Reputation: 54193
If I'm opening a file inside a for
loop and will be finished with it at the end of that iteration, should I call Close
immediately or trick Defer
using a closure?
I have a series of filenames being read in from a chan string
which have data to be copied into a zipfile. This is all being processed in a go func.
go func(fnames <-chan string, zipfilename string) {
f, _ := os.Create(zipfilename) // ignore error handling for this example
defer f.Close()
zf := zip.NewWriter(f)
defer zf.Close()
for fname := range fnames {
r, _ := os.Open(fname)
w, _ := zf.Create(r.Name())
io.Copy(w, r)
w.Close()
r.Close()
}(files, "some name.zip")
Inside my for
loop, would it be more idiomatic Go to write:
for fname := range fnames {
func(){
r, _ := os.Open(fname)
defer r.Close()
w, _ := zf.Create(r.Name())
defer w.Close()
io.Copy(w, r)
}()
}
or should I continue with my code as-written?
Upvotes: 0
Views: 2487
Reputation: 53418
You should be checking your errors. I know this is meant to just be an example, but in this case it is important. If all you do is defer Close(), you can't actually check if there was an error during defer.

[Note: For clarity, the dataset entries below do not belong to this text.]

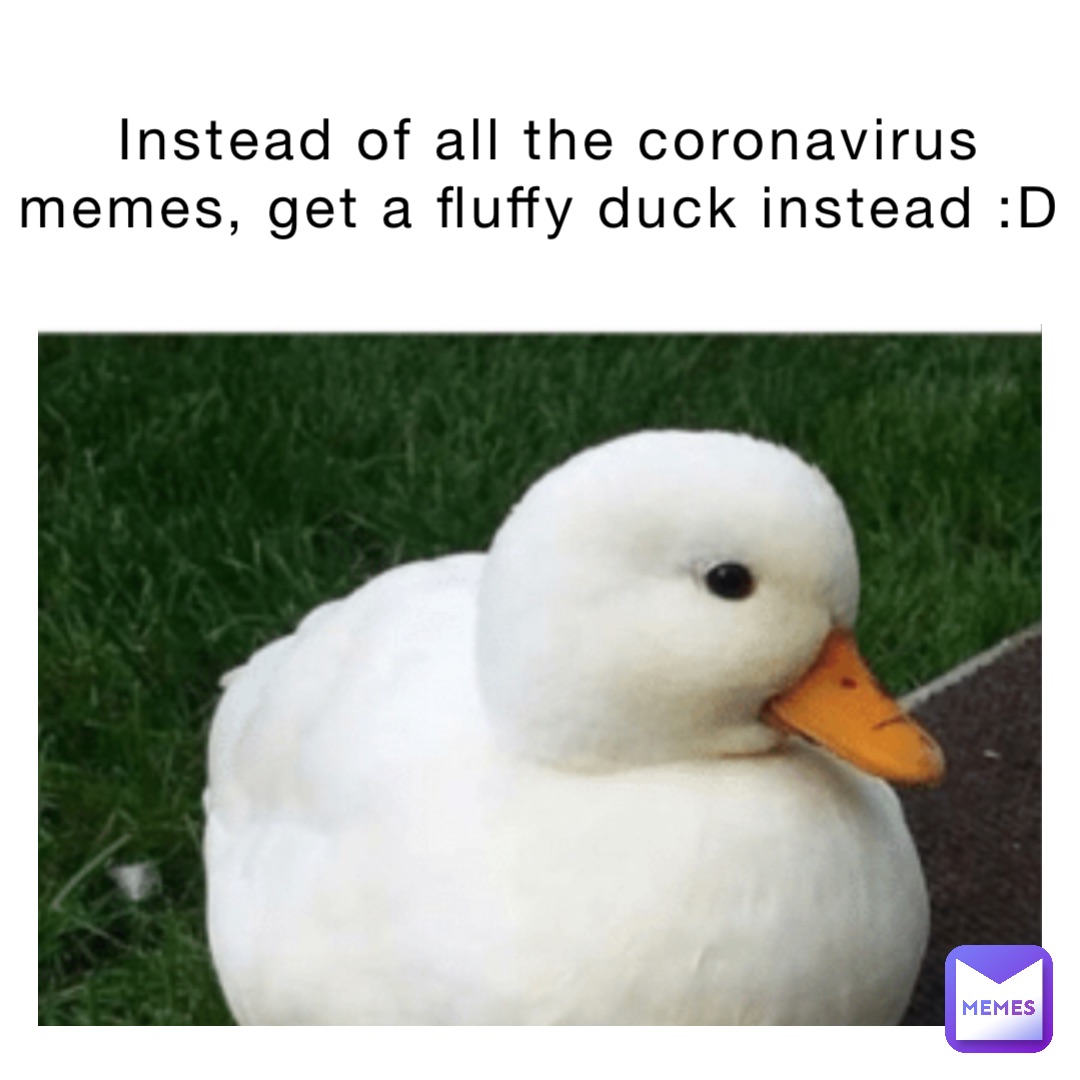 Instead of all the coronavirus memes, get a fluffy duck instead :D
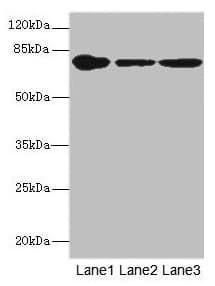 FZD3 / Frizzled 3 Antibody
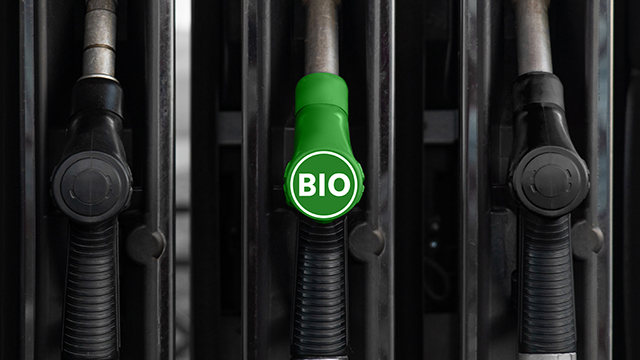 biofuels meat protein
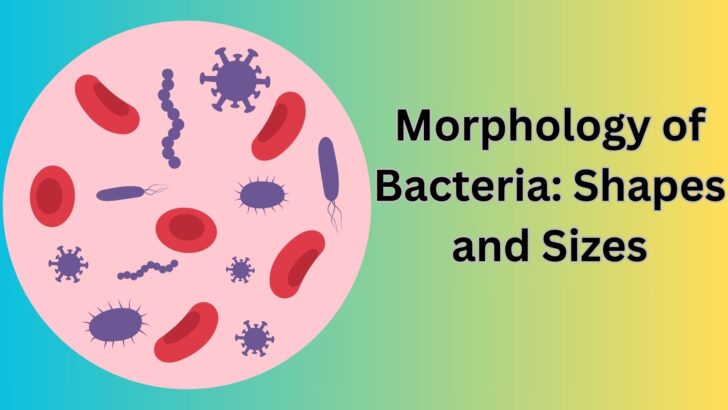 Morphology of Bacteria Shapes and Sizes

The way I would write this is to create a helper function:
func copyFileToZip(zf *zip.Writer, filename string) error {
r, err := os.Open(filename)
if err != nil {
return err
}
defer r.Close()
w, err := zf.Create(r.Name())
if err != nil {
return err
}
defer w.Close()
_, err = io.Copy(w, r)
if err != nil {
return err
}
return w.Close()
}
Once you add in all that error handling, the function is big enough to make it a named function. It also has the added benefit of checking the error when closing the writer. Checking the reader's error is unnecessary since that won't affect if the data was written.